Suominen Corporation (hereinafter the “Company” or “Suominen”) is planning a share issue, based on the pre-emptive right of the shareholders, to raise gross proceeds of up to approximately EUR 28 million (the “Offering” or the “Rights Issue”). The objective of the Offering is to secure funding for the execution of profitability-enhancing improvements as part of the Company’s strategic Full Potential Program (as defined below) and to strengthen the Company’s capital structure.
The Board of Directors (“BoD”) of Suominen is planning today to give notice of an extraordinary general meeting (“EGM”) to authorise the share issuance and is planning to launch the Offering during the second quarter of 2026, subject to, among other things, receiving necessary authorisations in the EGM and market conditions.
The Company’s main shareholders, including Ahlstrom Capital B.V., separately, and Etola Group Oy and Oy Etra Invest Ab, acting jointly, have each issued an undertaking to the company to vote in favour of the share issue authorisation at the EGM, to subscribe for their pro rata share of the issuance, as well as entered into conditional subscription guarantee commitments covering in total any unsubscribed shares in the Offering, subject to customary terms and conditions. Ahlstrom Capital B.V., Etola Group Oy and Oy Etra Invest Ab together represent a total of approximately 49.02% of the shares in the Company.
In addition to the Offering, Suominen has negotiated a two-year maturity extension to its syndicated credit facility agreement and additional headroom to its financial covenants, which, in addition to customary terms and conditions, is conditional upon the completion of the Offering. The purpose with the extension and the resetting of the financial covenants is to allow the execution of the Full Potential Program and further flexibility to the Company’s funding.

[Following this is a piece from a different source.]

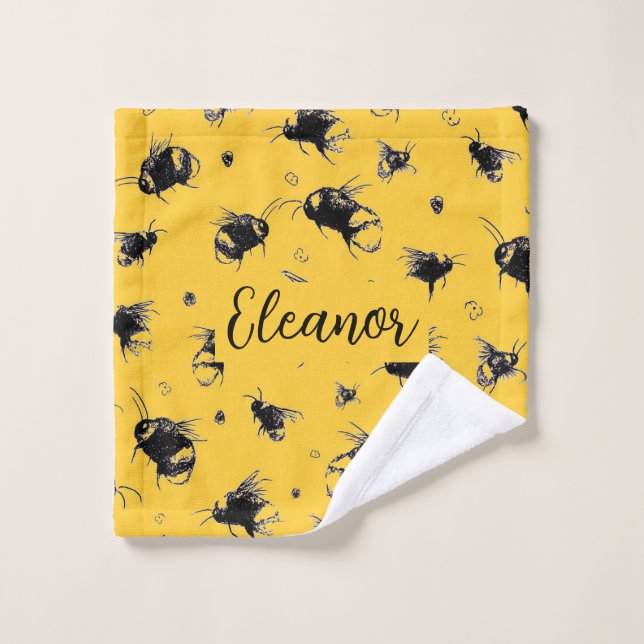 Toalha De Rosto Presente personalizado de tecido de lavagem de abe (Pano de lavar)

Highlights of the Offering
- The objective of the Offering is to accelerate profitability-enhancing improvement as part of the Company’s Full Potential Program and to strengthen the Company’s capital structure
- The Company seeks to raise up to approximately EUR 28 million in gross proceeds in the Offering
- The Offering is fully underwritten
Background to the Offering
Suominen announced the launch of a three-year program to improve profitability on 29 January 2026 (the “Full Potential Program” or “FPP”). The Full Potential Program aims to unlock the full potential of operations and to enhance competitiveness by systematically improving production efficiency, optimising raw-material usage as well as strengthening commercial excellence and procurement. The program also plans for targeted investments in low‑risk assets underpinned by robust demand prospects and strong customer relationships. Moreover, structural profitability measures focusing on reducing low-profitability volumes and fixed costs will be undertaken. The Full Potential Program targets 10% EBITDA and 2-3x leverage in Phase I. At the same time, Suominen also introduced a new functional operating model, with a dedicated focus on customers and factories, designed to strengthen expertise and effectiveness.

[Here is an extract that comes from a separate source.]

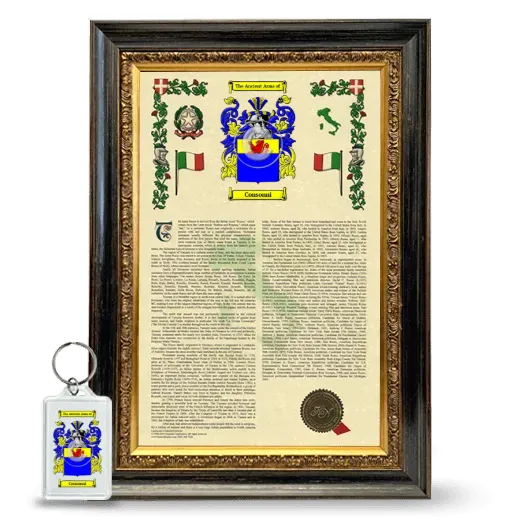 Consonni Framed Armorial History and Keychain - Heirloom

Charles Héaulmé, Suominen President and CEO, says: “In January 2026, we launched the Full Potential Program. The Offering will enable us to accelerate the implementation of the program while strengthening our capital structure. I am confident that the Full Potential Program will enhance the reliability and efficiency of our production and supply, while allowing us to better meet the expectations of our customers and shareholders by reinforcing our commercial capabilities. The support from our main shareholders for both the FPPand the planned Offering is a strong vote of confidence in the Company’s future.”
Shareholder support and underwriting
The Company’s above-mentioned main shareholders support the Offering, and an underwriting commitment covering the entirety of the Offering is in place.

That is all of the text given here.